They tried to make me go to rehab...

They tried to make me go to rehab...

by Sarah Billingsley 


I have a confession. I’m not proud, but as they say, the first step to recovery is admitting you’ve got a problem. If Jeremy Kyle had a ‘fashion offenders’ episode, I would be sitting on the chair in front of the audience, staring shamefacedly at the floor. The camera would pan around the studio, the opening music would die down and the shock-horror title would flash across the screen.

Please, don’t judge. They don’t have rehab for an addiction like this. It’s not even just jeggings, but comfort clothes in general. I’m not talking stylish comfort either - oh no - I’m talking full-on, fleece-lined, heavy-duty comfort clothing. Jeggings are just the tip of the iceberg, too. I have more hoodies than I care to admit, my jeans to tracksuit bottom ratio is pretty appalling, and I own multiple onesies.

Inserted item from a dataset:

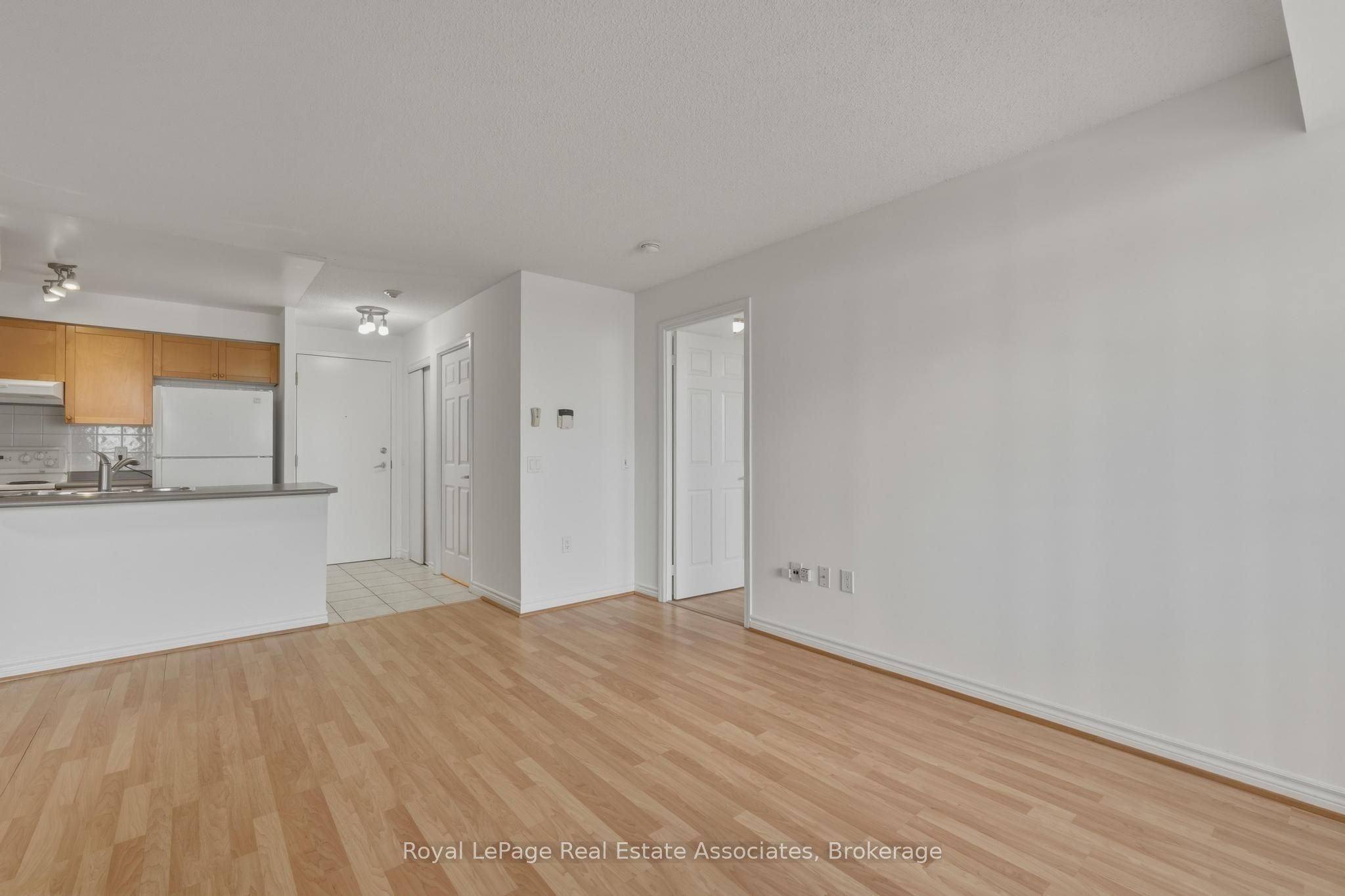 55 Strathaven Drive 1202 Property Photo 12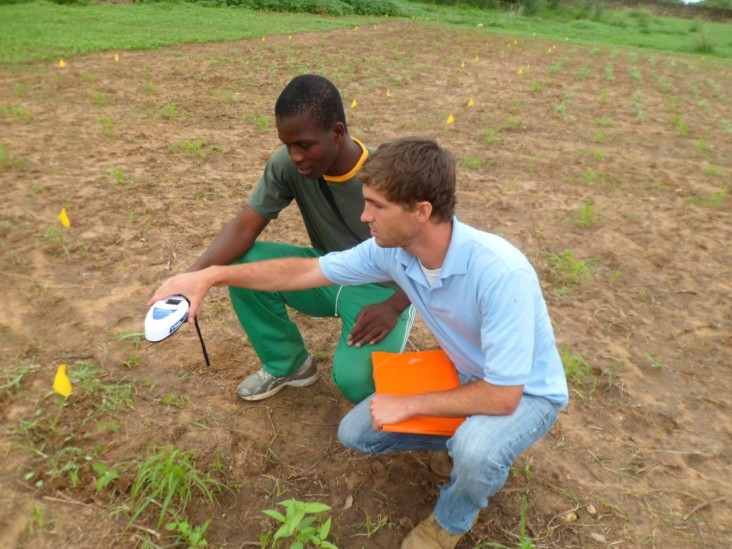 Student researchers work hand in Hand for Food Security in Senegal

I could probably pass some of these clothes off as ‘lounge-wear’ if I were trying to be debonair about it but I think honesty is the best policy here. I am, day-to-day, a bit of a clothes slob.

There, I’ve said it. But let’s get one thing straight: I still love fashion, and I admire style. Women who can roll out of bed and look well put-together, I applaud you. Bravo. Girls who cycle past me in some stylish slip of a dress, tousled hair blowing in the wind, I am often a little envious of you as I trudge home with two armfuls of ripping Tesco bags. And for every textbook on my shelf, there is a Grazia, Harper’s or Vogue on my bedside table.

But sometimes, when it’s raining outside, I’m tired to the bone and the third essay of the week refuses to write itself, jeggings, a hoodie and a mug of tea are exactly what the doctor ordered.